Given his current position that there is nothing more to add to what has already been reported in the Express-News article, it’s difficult to believe that he or the executive board considered the deep artistic ramifications of their decision.
At the time of this article’s publication, there is no mention of the organization’s decision to not renew Rachleff’s contract on their website. Hopefully, that’s a good indication that they may be willing to reconsider their decision.
I feel confident that the SAS executive board will have the governing fortitude to do exactly that in light of the extended organizational response. As such, I’m equally confident that all institutional stakeholders would be willing to consider this incident a learning experience so long as the executive board reconsiders which course the organization will set after taking into consideration the views by their musicians, the full governing board, and their patrons.
5 thoughts on “Things That Make You Go “Buh?” – San Antonio”
I’m very interested in the results of your investigations in this matter (hopefully we’ll see some answers that make sense), but it seems that again, we are seeing the troubled outcomes of situations in which musicians have been left out of the conversation. One question that comes to my mind is whether there is a musician (or musicians) on the SAS Executive Committee. We have something of an unusual situation in Colorado where there are two musicians serving in that capacity here, but it isn’t unheard of.
Good questions. I would add that if there are SAS musicians who are allowed to sit in on executive board meetings, are they voting members or are they there as observers. Furthermore, if there were musicians present during meetings where the executive board discussed not renewing Rachleff’s contract, was their opinion solicited and were they allowed to caucus with their fellow musicians in order to determine what the majority of musicians felt about the issue?

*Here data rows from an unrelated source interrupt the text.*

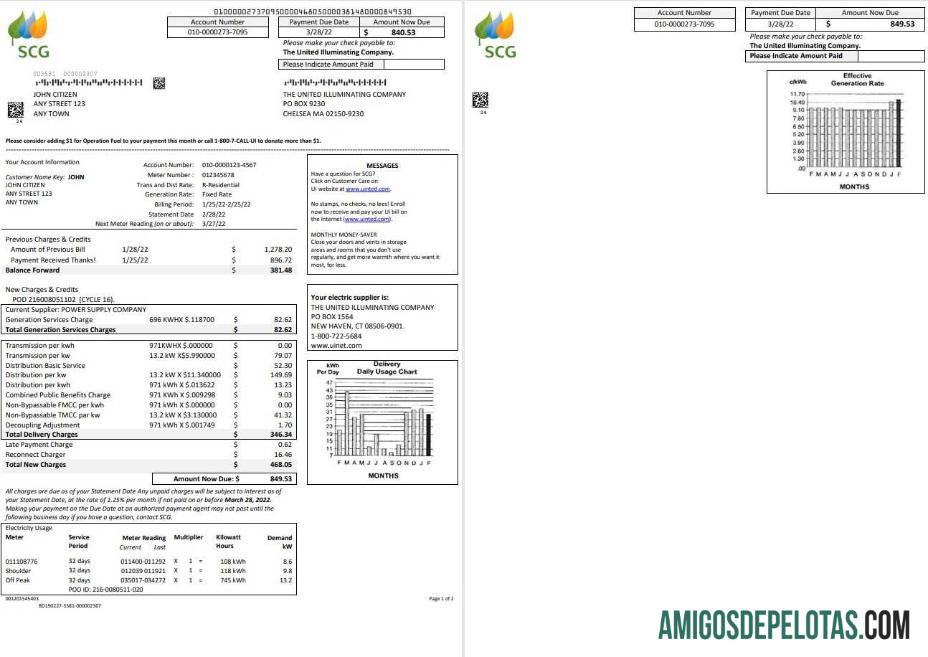 imprimível EUA Massachusetts Chelsea SCG The United Illuminating Company, modelo Word e PDF, 2 páginas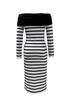 Slim Fit Striped Knit Dress with Slit - One-Shoulder Sexy Autumn/Winter Wear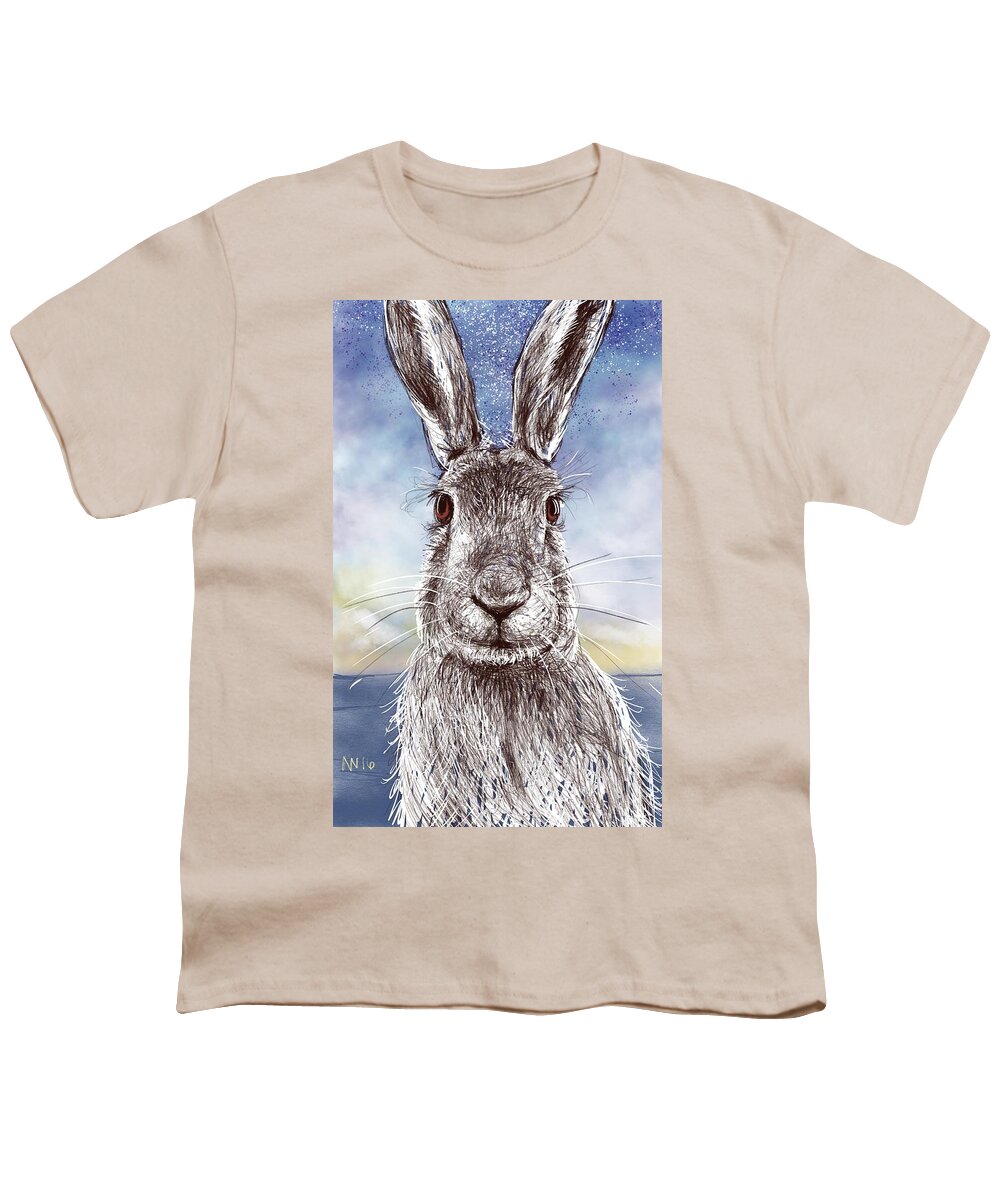 Bunny Youth T-Shirt featuring the digital art Mr. Rabbit by AnneMarie Welsh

If the answer to any of the above questions is negative, then I don’t think the executive board would be justified to say that they adequately or appropriately consulted the musicians in this issue.
In forty years of San Antonio symphony attendance, I say it has never sounded better. And the thanks go to Conductor Larry Ratleff. It appears that he is being blamed for the administration and board’s failure to raise money. That bodes ill for our orchestra.
I live with a long time member of the orchestra (princ oboe). The orchestra is completely demoralized by this capricious decision. Not mentioned in the above commentary is the last line of Greenberg’s article:
‘[David]Green said the 2008-09 season likely will be occupied by guest conductors trying out for the job.
“If you’re not prepared to move to San Antonio, don’t apply,” he said.’
This is a requirement for what is effectively a part time orchestra? (26 weeks down from 39, courtesy of the board-initiated bankruptcy.)
Rachleff has offered many concessions but will not give up a tenured position in Houston–and can you blame him?
As music director of various orchestras in Michigan, California and Texas over a number of years, I have always felt that, as a rule, it was important for a conductor to live in the community where he (or she) is conducting. But sometimes there are exceptions to rules, and in the case of the San Antonio Symphony, it is a huge mistake to let Larry Rachleff go just because he wishes (for good reason) to remain in Houston at Rice University. Where is the Board in all of this? Far too often Boards of non-profit organizations are too concerned with the ease of the bottom line rather than supporting the philosophy of the organization – which in this case is providing the highest quality musical performance possible. Larry Rachleff is doing this. He is extremely gifted, loved by the orchestra, and admired by his colleagues throughout the country. Let’s hope the music lovers of this fine city wake up and demand proper action on the part of the Board and Administration.